* _WHAT IS EXPECTED_: With no images included, output each entry below exactly as it appears.

* _DATA FOR THIS EXERCISE_:
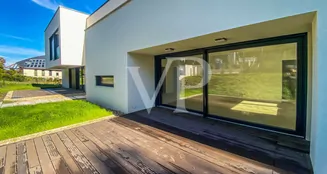 von_poll_real_estate_property_HU23439356_image_3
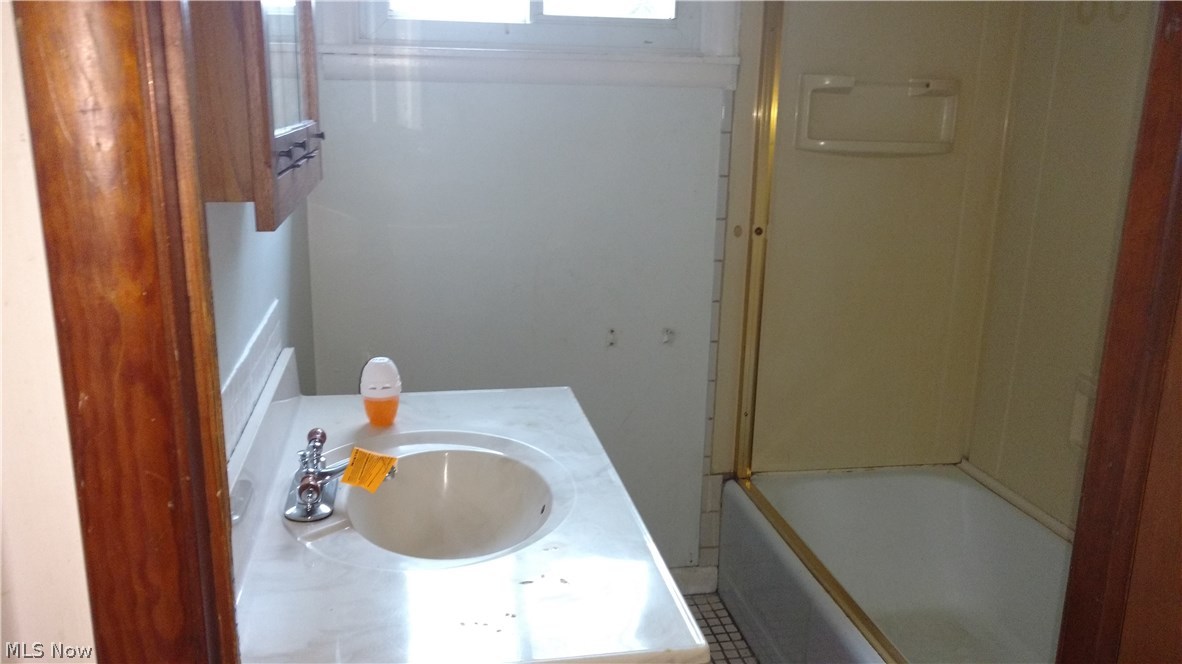 1057 Reed Avenue Akron, OH 44306 - Photo 8 of 10 bathroom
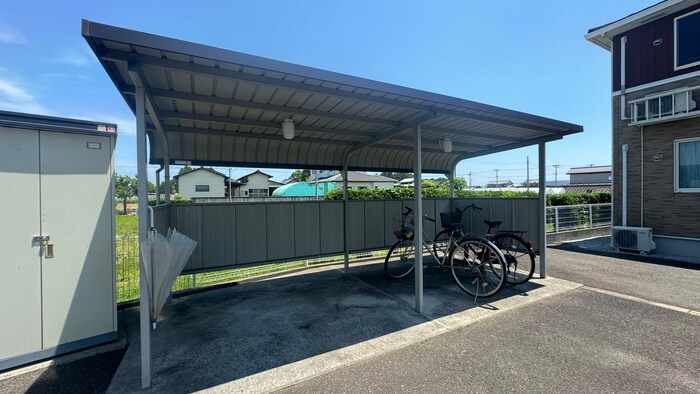 物件外観写真4　(駐輪場)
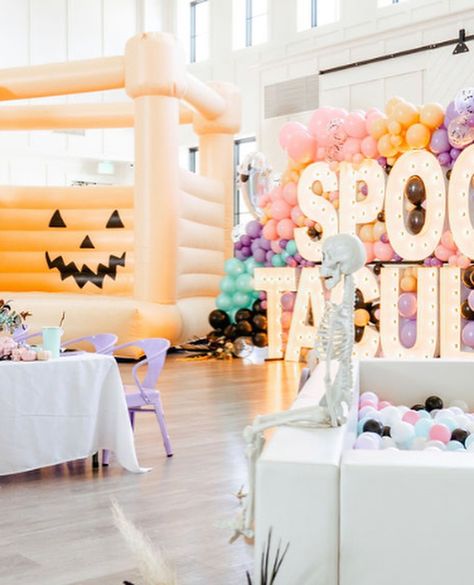 When the most epic boo bash ever lets you be a small part, you make sure it gets a spot in your feed forever. 👻 I posted this on my original account 2 years ago and no one has topped it yet! Vendor IG Handles / Services Provided: Marquee Letters / Backdrops / Drink Cart / Decor @alphalitkc Planning / Design @heatherlaneevents Bounce House / Ball Pit / Kids table & chairs @thepartytrend Venue @whiteironridge Balloon Design @russellthebrandballoons_ Cookie Design @cookieartkc Custom Acrylic... Ball Pit Kids, Boo Bash, Kids Ball Pit, Drink Cart, Cart Decor, Kids Table, Marquee Letters, Kids Table And Chairs, Table Chairs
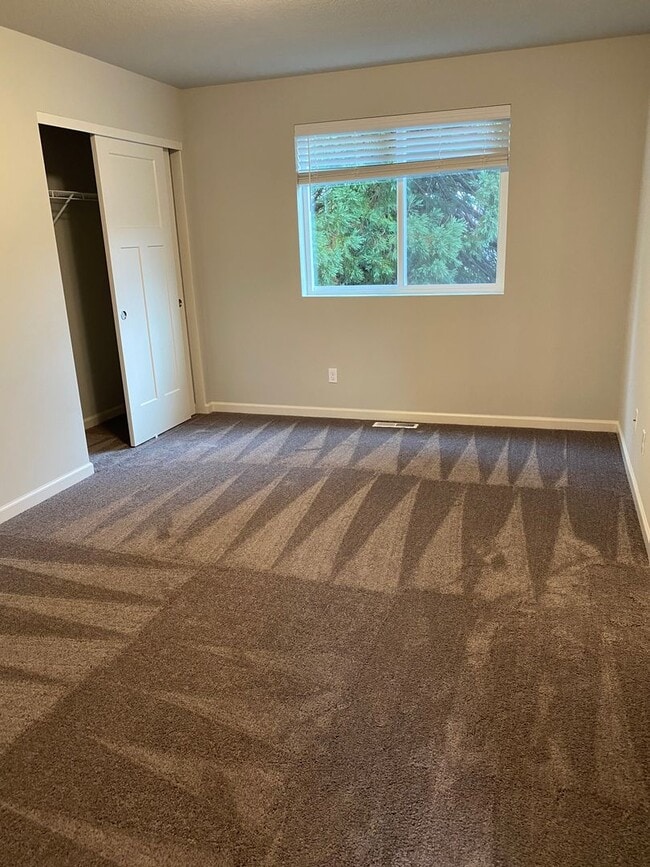 Building Photo - AVAILABLE NOW!!! 4BD/3BA - Pet friendly + Fenced Yard & Washer/Dryer Included - Great South Locat...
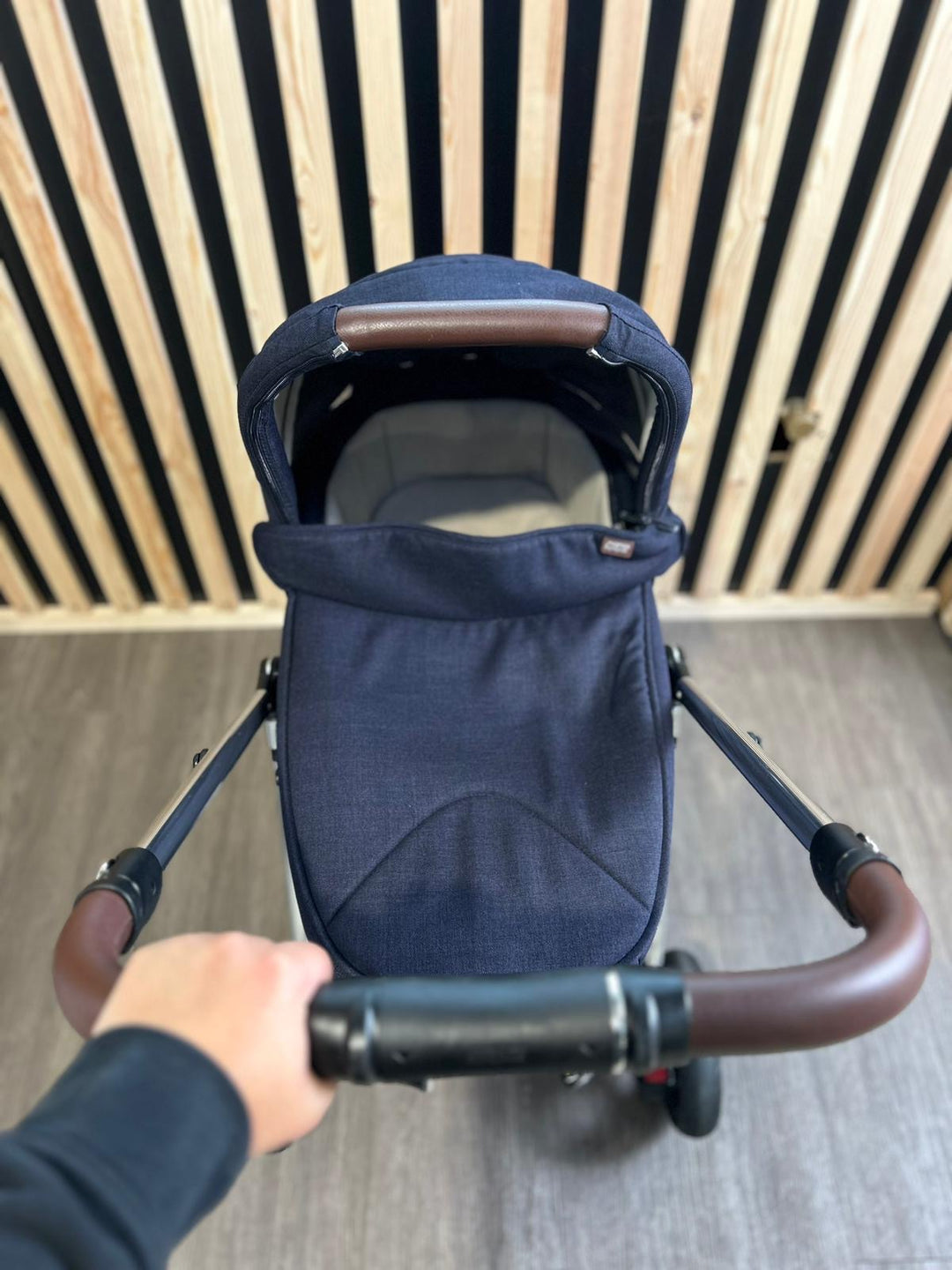 PRE LOVED Mamas & Papas Flip XT3 - Navy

* _ANSWER BOX_:
 von_poll_real_estate_property_HU23439356_image_3
 1057 Reed Avenue Akron, OH 44306 - Photo 8 of 10 bathroom
 物件外観写真4　(駐輪場)
 When the most epic boo bash ever lets you be a small part, you make sure it gets a spot in your feed forever. 👻 I posted this on my original account 2 years ago and no one has topped it yet! Vendor IG Handles / Services Provided: Marquee Letters / Backdrops / Drink Cart / Decor @alphalitkc Planning / Design @heatherlaneevents Bounce House / Ball Pit / Kids table & chairs @thepartytrend Venue @whiteironridge Balloon Design @russellthebrandballoons_ Cookie Design @cookieartkc Custom Acrylic... Ball Pit Kids, Boo Bash, Kids Ball Pit, Drink Cart, Cart Decor, Kids Table, Marquee Letters, Kids Table And Chairs, Table Chairs
 Building Photo - AVAILABLE NOW!!! 4BD/3BA - Pet friendly + Fenced Yard & Washer/Dryer Included - Great South Locat...
 PRE LOVED Mamas & Papas Flip XT3 - Navy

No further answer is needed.